→ **DATA SHOWN**:
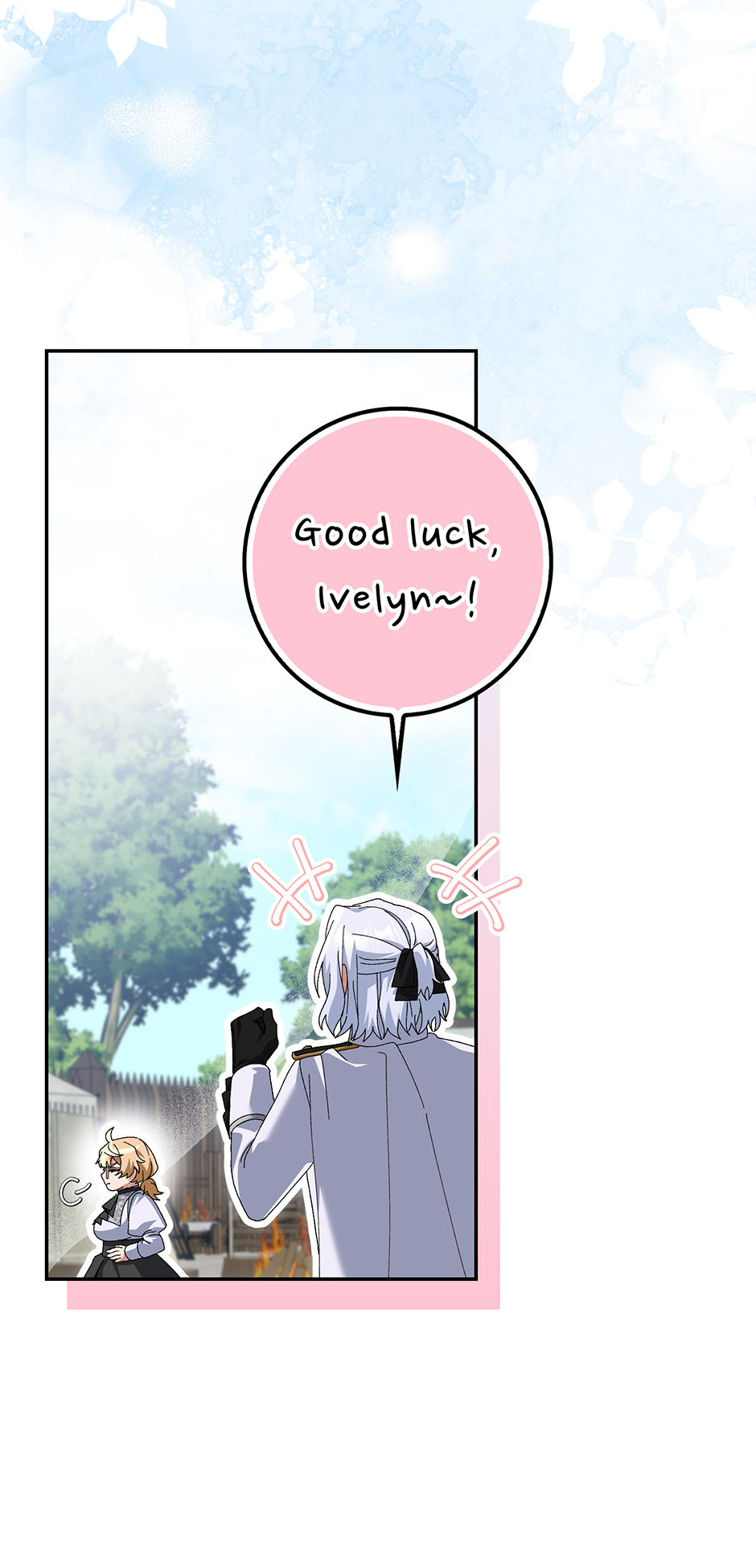 My Misraised Husband Chapter 11 - Page 18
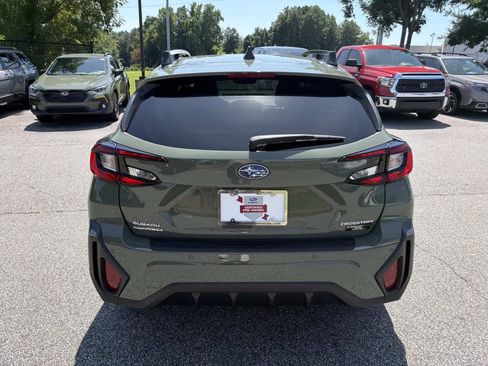 Certified 2024 Subaru Crosstrek 2.5i Limited w/ Popular Package #4A AWD/4WD image 7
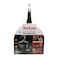 Tefal G6 Unlimited Non-Stick Saute Pan With Lid Black 24cm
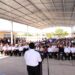 Participa SEDENER en el inicio del Ciclo Escolar 2026-2027 en Reynosa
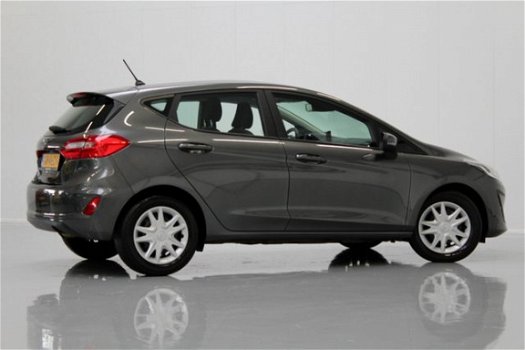 Ford Fiesta - 1.0 EcoBoost 100PK , 5DRS | 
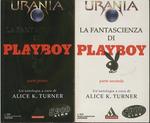 La Fantascienza di Playboy - 2 Volumi: Parte Prima + Parte Seconda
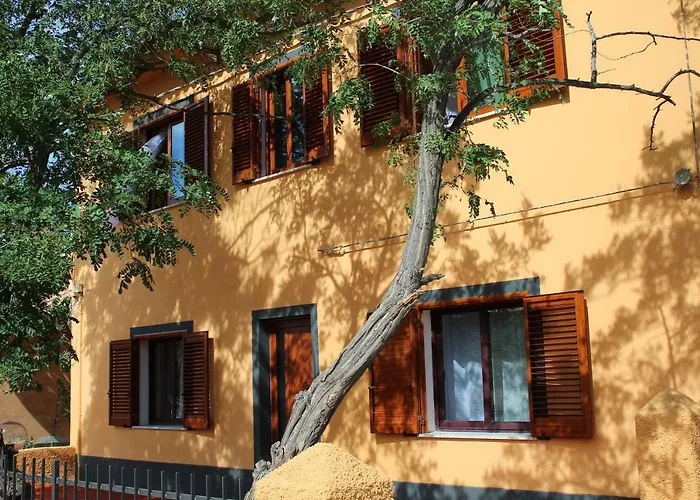  La Cantoniera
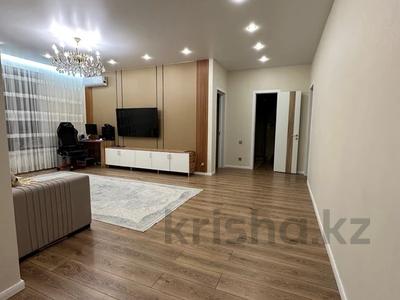 3-комнатная квартира · 100.5 м² · 5/9 этаж, Валиханова 94 за 75 млн ₸ в Семее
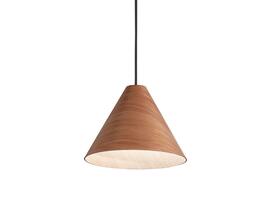 Фото Подвесной светильник KAURI dark wood Ideal Lux 259130, купить с доставкой на skylight.com.ua 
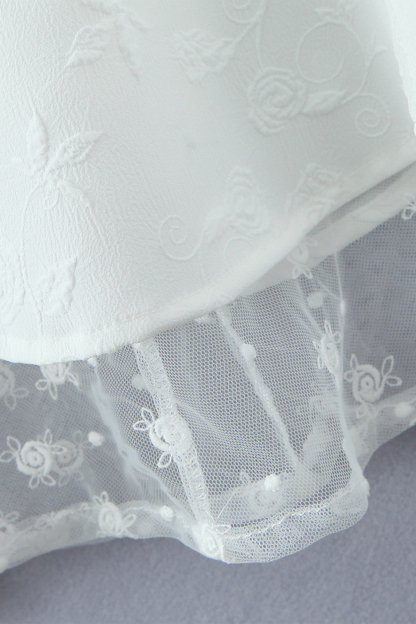 Brina Spaghetti Strap Lace Corset & Midi Skirt Set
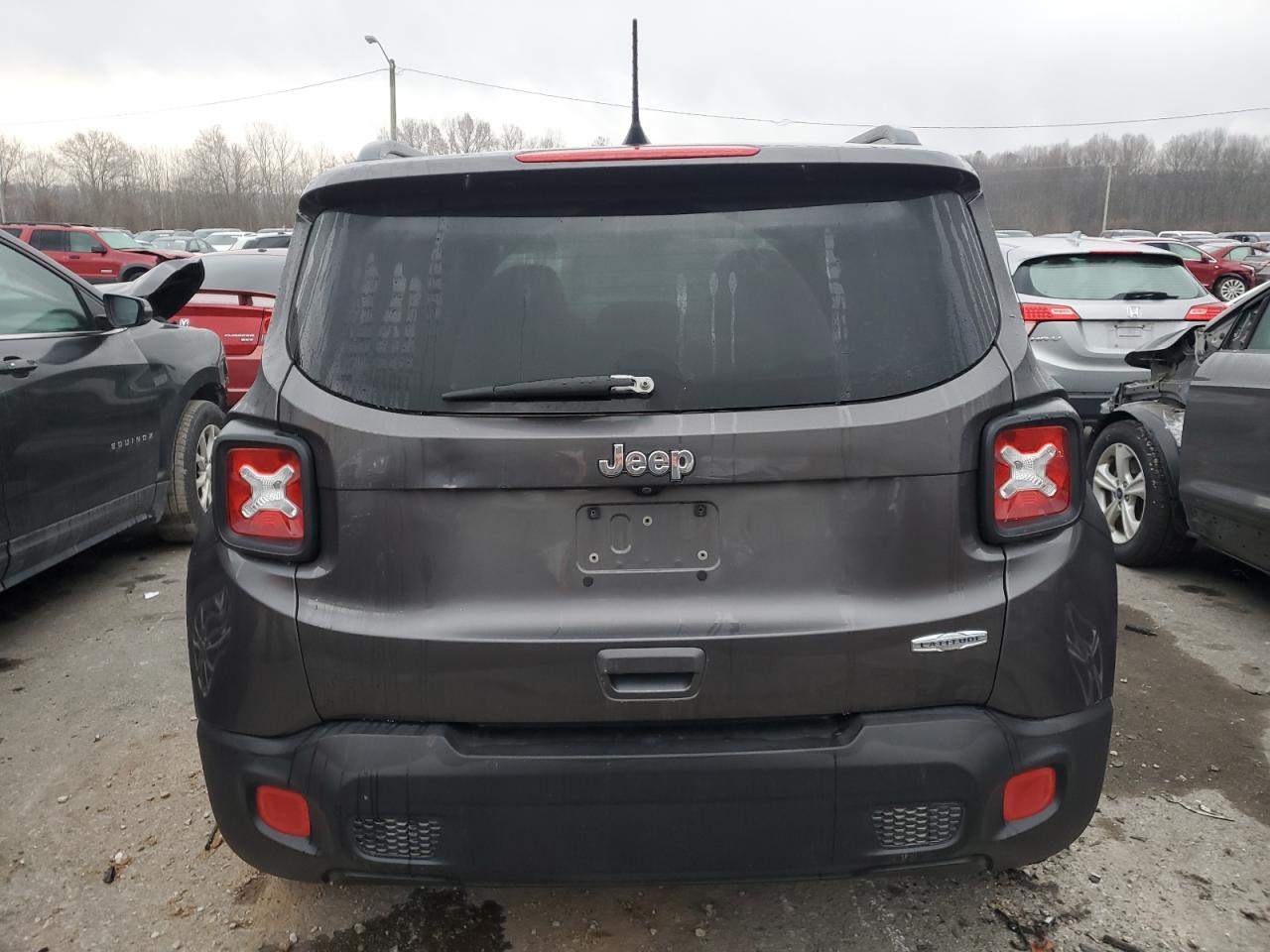 ZACCJABB5JPJ40018 2018 Jeep Renegade Latitude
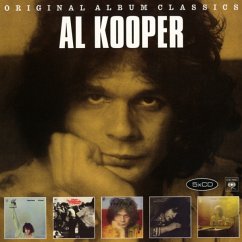 Original Album Classics - Kooper,Al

→ **EXERCISE REQUIREMENTS**:
Set down exactly the lines above, from the line containing "Certified 2024 Subaru" through the line containing "3-комнатная квартира ·". Skip the pictures.

→ **RESULT BELOW**:
 Certified 2024 Subaru Crosstrek 2.5i Limited w/ Popular Package #4A AWD/4WD image 7
 Tefal G6 Unlimited Non-Stick Saute Pan With Lid Black 24cm
 Participa SEDENER en el inicio del Ciclo Escolar 2026-2027 en Reynosa
 Ford Fiesta - 1.0 EcoBoost 100PK , 5DRS | 
 La Fantascienza di Playboy - 2 Volumi: Parte Prima + Parte Seconda
  La Cantoniera
 3-комнатная квартира · 100.5 м² · 5/9 этаж, Валиханова 94 за 75 млн ₸ в Семее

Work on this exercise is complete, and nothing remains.